El reloj marcó la hora de la felicidad. Entonces comprendió que nada malo podría suceder mientras la magia rodeara todos sus deseos. Paró en seco y, cúal fue su sorpresa, al divisar un horizonte completo, lleno de preguntas. Por dónde empezar, se dijo. Las melodías comenzarón a acompañar aquellos pensamientos desordenados para darles forma de destino incierto. Lo único cierto era que allí estaba y, lo más importante, sabía qué tenía que hacer.

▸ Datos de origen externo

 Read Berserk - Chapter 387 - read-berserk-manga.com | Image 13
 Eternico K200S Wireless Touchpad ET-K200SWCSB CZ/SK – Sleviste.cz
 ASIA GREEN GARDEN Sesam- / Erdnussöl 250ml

domingo, 9 de octubre de 2011

Descubriéndote..

Sentir la necesidad de escribir como modo de despertar los pensamientos más recónditos de la mente es una de las sensaciones más reconfortantes del ser humano. Sentir que narrando un par de sentimientos entrecruzados, cambia la forma de pensar, desde ese sitio, desde este otro sitio. Es la seguridad de que comienza algo nuevo, pero no desde un borrón y un volver a empezar. Es la continuación de algo que dejaste atrás y que, ahora, regresa para completar aquello que dejaste sin terminar.

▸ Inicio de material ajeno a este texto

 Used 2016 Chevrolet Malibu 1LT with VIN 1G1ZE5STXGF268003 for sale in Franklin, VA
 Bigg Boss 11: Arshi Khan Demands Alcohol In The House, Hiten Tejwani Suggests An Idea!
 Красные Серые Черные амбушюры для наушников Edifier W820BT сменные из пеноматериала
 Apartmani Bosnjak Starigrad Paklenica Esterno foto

Se trata de otra brisa, otro cielo, otras nubes y un sol más nítido. Quizás sólo comparable con ese dibujo perfecto que consiguen las estrellas cuando se alinean alrededor de la luna en una noche fascinante. Fascinante, como todos los atardeceres que cada día descubren esta ciudad y la visten de morado, morado místico, morado fantasía, morado belleza, morado, el comienzo de la noche fiorentina. La noche tenue. Las calles se dejan caer para conseguir una belleza perfecta, mezclada con la muchedumbre y el murmullo de los farolillos que abrazan el Arno, lanzando besos al Ponte Vecchio escuchando los piropos de la gente que, por primera vez, te descubre.

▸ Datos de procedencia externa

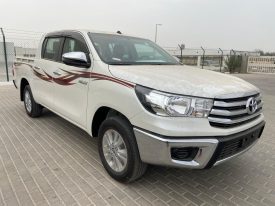 HPSCH -TOYOTA HILUX DC 2.7L HI 5MT 4X2 A 2022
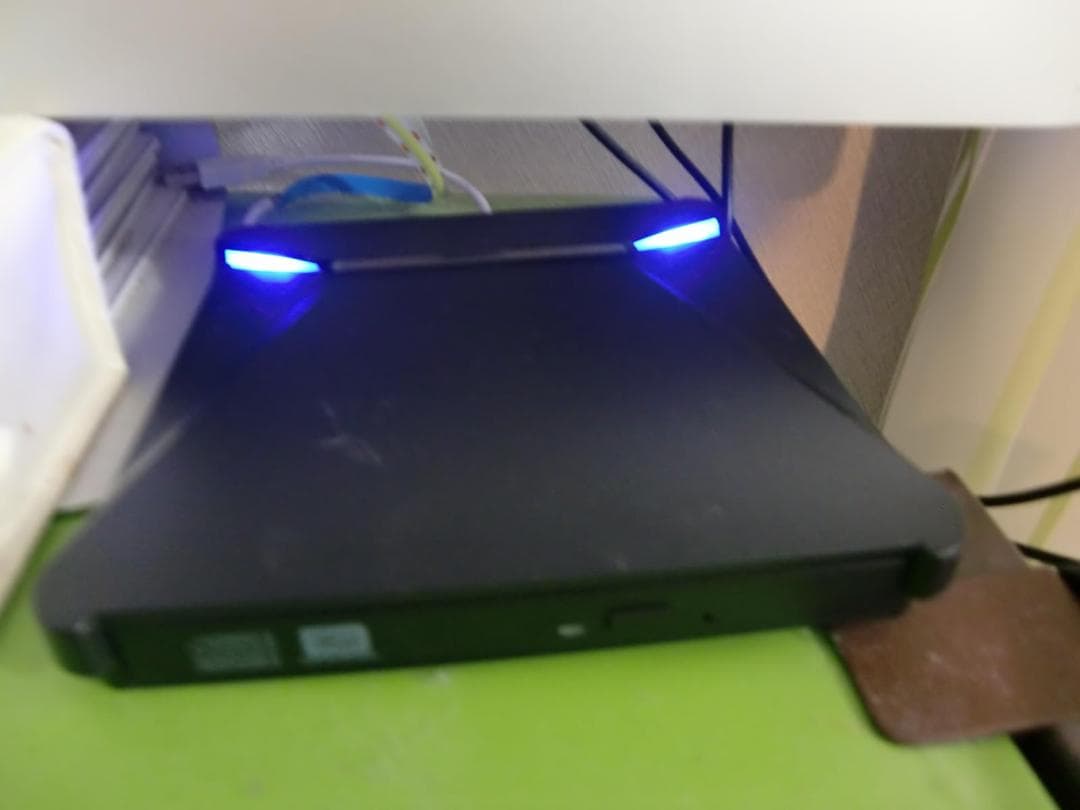 ブルーレイドライブ 外付け 【定番進化モデル・高速書き込み】 外付けブルーレイm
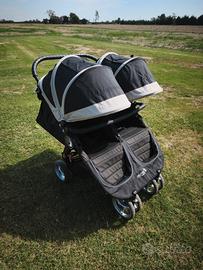 passeggino gemellare Baby Jogger 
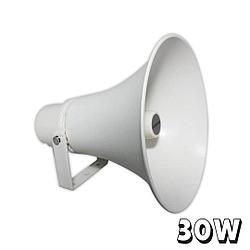 Рупорный громкоговорить 30w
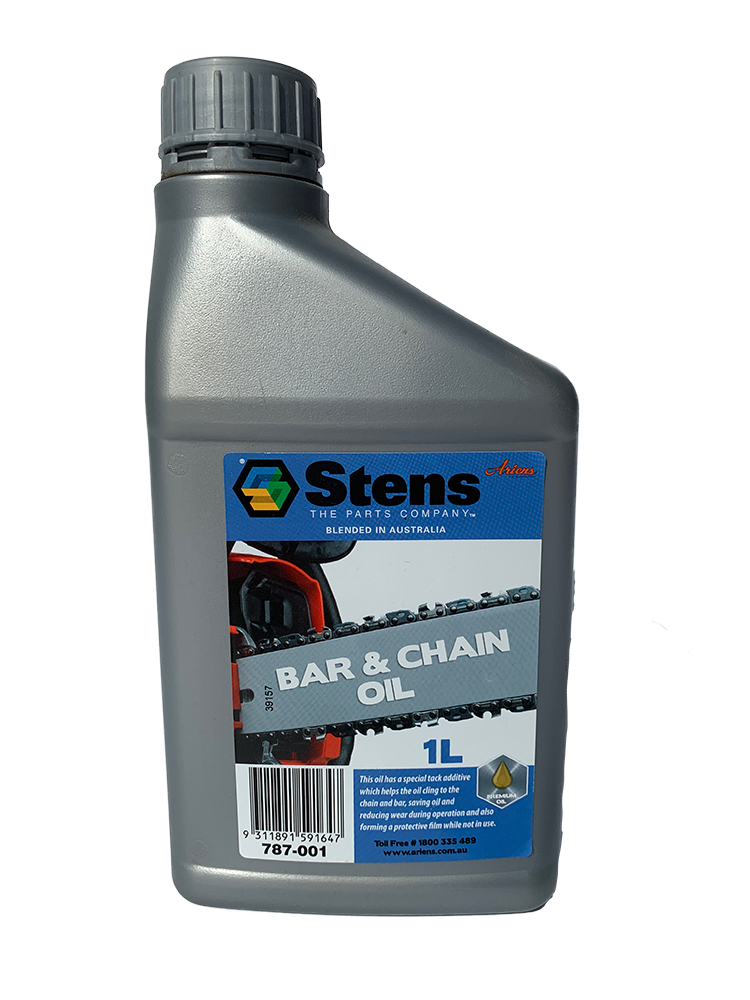 Bar & Chain Oil 1L – MGS & Hire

Tras un mes, sólo puedo desprender palabras que te regalen el oído, porque no posees ningún inconveniente que compense tu esencia eterna de recuerdo permanente. Es la creación de un paraíso que nace en la mente del que te observa con detenimiento. Del que descubre ese lugar nuevo donde cambia la perspectiva. Existen dos estampas de ti. Una la fabrican las cámaras fotográficas. La otra, la creas tú. Desde ese espacio donde caes en la cuenta de que no eres normal. Tienes un punto de vista mucho más bello. Allí donde te dejas abrazar, besar, acariciar.
Si tuviera que hacer un balance (o una balanza) de todo aquello que aportas en cada mirada, a cada paso por tus calles, sólo tendría que afirmar varios motivos del resquicio de tristeza que albergo en el interior de toda esta felicidad. Y es que los días pasan, y eso es lo que entristece. Que pasan y que no se pueden estirar más. Tendrán, incluso, un fin que, quien te descubre, no quiere alcanzar.

Tienes la capacidad de proporcionar todo aquello que el que te conoce puede buscar. Buscando me encuentro en este momento, avanzando por tu historia. Cuéntamela, porque quiero encontrar aquello que dejé sin terminar. Complétame.